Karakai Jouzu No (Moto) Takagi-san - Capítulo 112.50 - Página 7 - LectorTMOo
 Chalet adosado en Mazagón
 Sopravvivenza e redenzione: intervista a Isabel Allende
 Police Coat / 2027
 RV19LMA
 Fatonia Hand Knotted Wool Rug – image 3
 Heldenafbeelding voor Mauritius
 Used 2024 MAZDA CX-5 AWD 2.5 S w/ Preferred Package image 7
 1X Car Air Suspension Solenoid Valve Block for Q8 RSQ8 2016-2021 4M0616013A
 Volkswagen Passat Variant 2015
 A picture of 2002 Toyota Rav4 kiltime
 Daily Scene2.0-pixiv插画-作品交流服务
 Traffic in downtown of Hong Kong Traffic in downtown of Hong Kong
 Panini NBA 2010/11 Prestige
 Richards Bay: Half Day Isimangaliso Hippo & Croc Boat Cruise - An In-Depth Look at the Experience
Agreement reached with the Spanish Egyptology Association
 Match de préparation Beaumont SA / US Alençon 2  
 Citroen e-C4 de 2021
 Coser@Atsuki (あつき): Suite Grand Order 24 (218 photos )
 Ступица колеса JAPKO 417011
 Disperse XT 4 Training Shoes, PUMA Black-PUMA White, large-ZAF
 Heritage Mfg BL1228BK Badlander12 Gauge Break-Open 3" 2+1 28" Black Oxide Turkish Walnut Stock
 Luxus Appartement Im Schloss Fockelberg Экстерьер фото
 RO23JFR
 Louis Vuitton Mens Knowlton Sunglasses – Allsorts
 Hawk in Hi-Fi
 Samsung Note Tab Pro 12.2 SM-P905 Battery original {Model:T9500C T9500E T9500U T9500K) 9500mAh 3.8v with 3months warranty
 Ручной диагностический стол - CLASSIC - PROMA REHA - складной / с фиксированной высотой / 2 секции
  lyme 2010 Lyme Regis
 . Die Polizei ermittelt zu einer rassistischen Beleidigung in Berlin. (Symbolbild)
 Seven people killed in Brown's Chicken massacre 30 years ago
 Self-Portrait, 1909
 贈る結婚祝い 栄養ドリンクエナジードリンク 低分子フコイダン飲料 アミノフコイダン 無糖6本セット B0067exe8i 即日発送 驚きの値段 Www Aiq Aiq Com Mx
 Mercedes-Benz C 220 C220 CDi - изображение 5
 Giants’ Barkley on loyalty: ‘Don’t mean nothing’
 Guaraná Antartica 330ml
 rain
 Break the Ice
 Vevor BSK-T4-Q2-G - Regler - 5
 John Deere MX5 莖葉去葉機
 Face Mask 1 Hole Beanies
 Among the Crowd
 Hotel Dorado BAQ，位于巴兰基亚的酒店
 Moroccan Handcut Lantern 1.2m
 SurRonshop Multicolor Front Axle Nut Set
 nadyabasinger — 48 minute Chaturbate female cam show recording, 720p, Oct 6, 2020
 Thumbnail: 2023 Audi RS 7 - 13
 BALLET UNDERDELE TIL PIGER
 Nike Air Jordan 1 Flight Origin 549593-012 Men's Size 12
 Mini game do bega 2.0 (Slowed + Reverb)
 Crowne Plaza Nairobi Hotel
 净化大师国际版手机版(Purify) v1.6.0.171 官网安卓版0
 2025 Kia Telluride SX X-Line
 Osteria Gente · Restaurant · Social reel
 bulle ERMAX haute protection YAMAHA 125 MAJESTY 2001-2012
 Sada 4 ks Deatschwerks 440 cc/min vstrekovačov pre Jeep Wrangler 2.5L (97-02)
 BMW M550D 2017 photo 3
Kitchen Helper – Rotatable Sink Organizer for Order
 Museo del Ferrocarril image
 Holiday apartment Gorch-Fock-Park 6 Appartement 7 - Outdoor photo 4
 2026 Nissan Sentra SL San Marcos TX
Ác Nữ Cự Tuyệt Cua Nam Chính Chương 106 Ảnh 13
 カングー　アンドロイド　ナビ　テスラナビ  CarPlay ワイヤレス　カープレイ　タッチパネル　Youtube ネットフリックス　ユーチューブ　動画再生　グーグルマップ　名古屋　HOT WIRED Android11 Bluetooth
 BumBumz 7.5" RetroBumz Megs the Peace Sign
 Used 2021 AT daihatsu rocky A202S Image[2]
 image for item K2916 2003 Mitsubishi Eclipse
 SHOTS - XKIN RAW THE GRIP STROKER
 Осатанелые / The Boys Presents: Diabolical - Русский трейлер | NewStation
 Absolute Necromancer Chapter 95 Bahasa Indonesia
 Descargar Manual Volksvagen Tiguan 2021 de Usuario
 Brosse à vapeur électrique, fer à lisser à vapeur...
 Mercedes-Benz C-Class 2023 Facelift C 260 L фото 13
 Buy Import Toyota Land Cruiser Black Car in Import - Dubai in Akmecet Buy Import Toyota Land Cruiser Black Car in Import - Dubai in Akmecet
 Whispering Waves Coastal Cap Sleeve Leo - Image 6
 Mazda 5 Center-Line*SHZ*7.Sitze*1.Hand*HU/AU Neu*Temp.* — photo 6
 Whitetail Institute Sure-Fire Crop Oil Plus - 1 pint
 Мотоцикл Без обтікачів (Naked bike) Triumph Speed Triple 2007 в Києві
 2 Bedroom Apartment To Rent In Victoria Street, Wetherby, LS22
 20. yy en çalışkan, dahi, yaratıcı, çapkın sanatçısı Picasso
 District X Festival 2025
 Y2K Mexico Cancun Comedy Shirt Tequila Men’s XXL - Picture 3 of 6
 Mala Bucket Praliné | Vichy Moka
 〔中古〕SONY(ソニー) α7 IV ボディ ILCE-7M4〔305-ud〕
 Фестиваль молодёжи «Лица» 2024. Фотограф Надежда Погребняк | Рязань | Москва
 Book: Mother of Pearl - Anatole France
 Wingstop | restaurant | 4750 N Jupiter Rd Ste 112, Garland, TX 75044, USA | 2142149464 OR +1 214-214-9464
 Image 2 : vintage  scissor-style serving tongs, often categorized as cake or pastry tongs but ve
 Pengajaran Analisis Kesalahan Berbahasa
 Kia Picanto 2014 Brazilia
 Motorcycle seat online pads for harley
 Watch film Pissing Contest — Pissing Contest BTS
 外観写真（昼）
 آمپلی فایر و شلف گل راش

**Exercise:**
Each record must be repeated exactly as it appears above.

**Output of the exercise:**
Karakai Jouzu No (Moto) Takagi-san - Capítulo 112.50 - Página 7 - LectorTMOo
 Chalet adosado en Mazagón
 Sopravvivenza e redenzione: intervista a Isabel Allende
 Police Coat / 2027
 RV19LMA
 Fatonia Hand Knotted Wool Rug – image 3
 Heldenafbeelding voor Mauritius
 Used 2024 MAZDA CX-5 AWD 2.5 S w/ Preferred Package image 7
 1X Car Air Suspension Solenoid Valve Block for Q8 RSQ8 2016-2021 4M0616013A
 Volkswagen Passat Variant 2015
 A picture of 2002 Toyota Rav4 kiltime
 Daily Scene2.0-pixiv插画-作品交流服务
 Traffic in downtown of Hong Kong Traffic in downtown of Hong Kong
 Panini NBA 2010/11 Prestige
 Richards Bay: Half Day Isimangaliso Hippo & Croc Boat Cruise - An In-Depth Look at the Experience
Agreement reached with the Spanish Egyptology Association
 Match de préparation Beaumont SA / US Alençon 2  
 Citroen e-C4 de 2021
 Coser@Atsuki (あつき): Suite Grand Order 24 (218 photos )
 Ступица колеса JAPKO 417011
 Disperse XT 4 Training Shoes, PUMA Black-PUMA White, large-ZAF
 Heritage Mfg BL1228BK Badlander12 Gauge Break-Open 3" 2+1 28" Black Oxide Turkish Walnut Stock
 Luxus Appartement Im Schloss Fockelberg Экстерьер фото
 RO23JFR
 Louis Vuitton Mens Knowlton Sunglasses – Allsorts
 Hawk in Hi-Fi
 Samsung Note Tab Pro 12.2 SM-P905 Battery original {Model:T9500C T9500E T9500U T9500K) 9500mAh 3.8v with 3months warranty
 Ручной диагностический стол - CLASSIC - PROMA REHA - складной / с фиксированной высотой / 2 секции
  lyme 2010 Lyme Regis
 . Die Polizei ermittelt zu einer rassistischen Beleidigung in Berlin. (Symbolbild)
 Seven people killed in Brown's Chicken massacre 30 years ago
 Self-Portrait, 1909
 贈る結婚祝い 栄養ドリンクエナジードリンク 低分子フコイダン飲料 アミノフコイダン 無糖6本セット B0067exe8i 即日発送 驚きの値段 Www Aiq Aiq Com Mx
 Mercedes-Benz C 220 C220 CDi - изображение 5
 Giants’ Barkley on loyalty: ‘Don’t mean nothing’
 Guaraná Antartica 330ml
 rain
 Break the Ice
 Vevor BSK-T4-Q2-G - Regler - 5
 John Deere MX5 莖葉去葉機
 Face Mask 1 Hole Beanies
 Among the Crowd
 Hotel Dorado BAQ，位于巴兰基亚的酒店
 Moroccan Handcut Lantern 1.2m
 SurRonshop Multicolor Front Axle Nut Set
 nadyabasinger — 48 minute Chaturbate female cam show recording, 720p, Oct 6, 2020
 Thumbnail: 2023 Audi RS 7 - 13
 BALLET UNDERDELE TIL PIGER
 Nike Air Jordan 1 Flight Origin 549593-012 Men's Size 12
 Mini game do bega 2.0 (Slowed + Reverb)
 Crowne Plaza Nairobi Hotel
 净化大师国际版手机版(Purify) v1.6.0.171 官网安卓版0
 2025 Kia Telluride SX X-Line
 Osteria Gente · Restaurant · Social reel
 bulle ERMAX haute protection YAMAHA 125 MAJESTY 2001-2012
 Sada 4 ks Deatschwerks 440 cc/min vstrekovačov pre Jeep Wrangler 2.5L (97-02)
 BMW M550D 2017 photo 3
Kitchen Helper – Rotatable Sink Organizer for Order
 Museo del Ferrocarril image
 Holiday apartment Gorch-Fock-Park 6 Appartement 7 - Outdoor photo 4
 2026 Nissan Sentra SL San Marcos TX
Ác Nữ Cự Tuyệt Cua Nam Chính Chương 106 Ảnh 13
 カングー　アンドロイド　ナビ　テスラナビ  CarPlay ワイヤレス　カープレイ　タッチパネル　Youtube ネットフリックス　ユーチューブ　動画再生　グーグルマップ　名古屋　HOT WIRED Android11 Bluetooth
 BumBumz 7.5" RetroBumz Megs the Peace Sign
 Used 2021 AT daihatsu rocky A202S Image[2]
 image for item K2916 2003 Mitsubishi Eclipse
 SHOTS - XKIN RAW THE GRIP STROKER
 Осатанелые / The Boys Presents: Diabolical - Русский трейлер | NewStation
 Absolute Necromancer Chapter 95 Bahasa Indonesia
 Descargar Manual Volksvagen Tiguan 2021 de Usuario
 Brosse à vapeur électrique, fer à lisser à vapeur...
 Mercedes-Benz C-Class 2023 Facelift C 260 L фото 13
 Buy Import Toyota Land Cruiser Black Car in Import - Dubai in Akmecet Buy Import Toyota Land Cruiser Black Car in Import - Dubai in Akmecet
 Whispering Waves Coastal Cap Sleeve Leo - Image 6
 Mazda 5 Center-Line*SHZ*7.Sitze*1.Hand*HU/AU Neu*Temp.* — photo 6
 Whitetail Institute Sure-Fire Crop Oil Plus - 1 pint
 Мотоцикл Без обтікачів (Naked bike) Triumph Speed Triple 2007 в Києві
 2 Bedroom Apartment To Rent In Victoria Street, Wetherby, LS22
 20. yy en çalışkan, dahi, yaratıcı, çapkın sanatçısı Picasso
 District X Festival 2025
 Y2K Mexico Cancun Comedy Shirt Tequila Men’s XXL - Picture 3 of 6
 Mala Bucket Praliné | Vichy Moka
 〔中古〕SONY(ソニー) α7 IV ボディ ILCE-7M4〔305-ud〕
 Фестиваль молодёжи «Лица» 2024. Фотограф Надежда Погребняк | Рязань | Москва
 Book: Mother of Pearl - Anatole France
 Wingstop | restaurant | 4750 N Jupiter Rd Ste 112, Garland, TX 75044, USA | 2142149464 OR +1 214-214-9464
 Image 2 : vintage  scissor-style serving tongs, often categorized as cake or pastry tongs but ve
 Pengajaran Analisis Kesalahan Berbahasa
 Kia Picanto 2014 Brazilia
 Motorcycle seat online pads for harley
 Watch film Pissing Contest — Pissing Contest BTS
 外観写真（昼）
 آمپلی فایر و شلف گل راش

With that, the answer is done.